Papers of John Adams, volume 15

From John Thaxter

From James Lovell

From Robert Morris, 20 September 1783 Morris, Robert Adams, John
From Robert Morris
Second Sir Office of Finance 20 September 1783

I have been duly honored with your Excellency’s favors of the fifth tenth and eleventh of July— I have taken the Liberty to make some Extracts from the two latter which are transmitted in a Letter to the Governor of Massachusetts Copy whereof is enclosed—1 Permit me Sir to give my feeble Approbation and Applause to those Sentiments of Wisdom and Integrity which are as happily expressed as they are forcibly conceived.— The Necessity of strengthening our Confederation providing for our Debts and forming some fœderal Constitution begins to be most seriously felt; But unfortunately for America the narrow and illiberal Prejudices of some have taken such deep Root that it must be difficult and may prove impracticable to remove them.

I agree with you Sir in Opinion that the late Peace was not all Circumstances considered a bad one for England. It is undoubtedly a Peace equally glorious to, and necessary for America. All Ranks of Men in this Country feel as well as perceive the Benefits of it; and the Fault-Finders (for such Men there always will be) are borne down by the general Torrent of Applause—

I was happy to learn by the Washington Packet that you intended a short Trip to Amsterdam for the Purpose of urging on the Loan.2 I hope you may have met with the Success due to your Zeal and Abilities, I shall ask no greater—

with perfect Respect / I have the Honor to be / Sir / your Excellency’s / most obedient / and / humble Servant

Robt Morris

RC and enclosure (Adams Papers); internal address: “His Excellency / John Adams Esqr.”; endorsed: “Robt Morris / Financier / Septem. 20 1783.” Dupl (Adams Papers).


This is Morris’ letter to John Hancock of 20 September.
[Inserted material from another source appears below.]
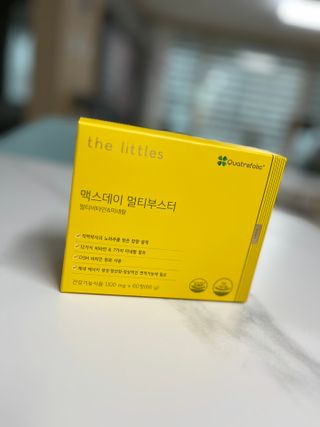 goodluck38님이 올린 리뷰 사진 2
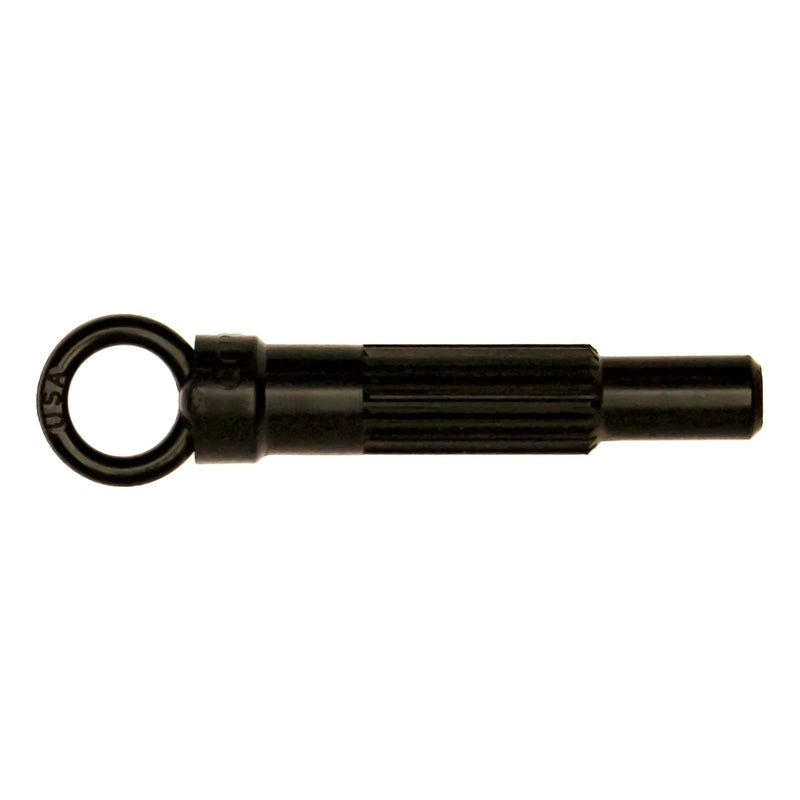 EXEDY OEM Alignment Tool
The extracts from JA’s letters of 10 and 11 July, both above, are not with the enclosed letter to Hancock, in which Morris lauded JA’s “Sentiments on Public Credit,” suggesting that his opinions carried “double Weight” because of his diplomatic experience (Morris, Papers , 8:533–535). For Hancock’s use of the extracts, see Thomas Cushing’s letter of 26 Nov., and note 2, below.


Morris presumably learned of JA’s plan to go to the Netherlands from JA’s 17 July letter to Robert R. Livingston, above, which reached Congress on 12 Sept. (PCC, No. 185, III, f. 79). JA did not mention the visit in his letters to Morris.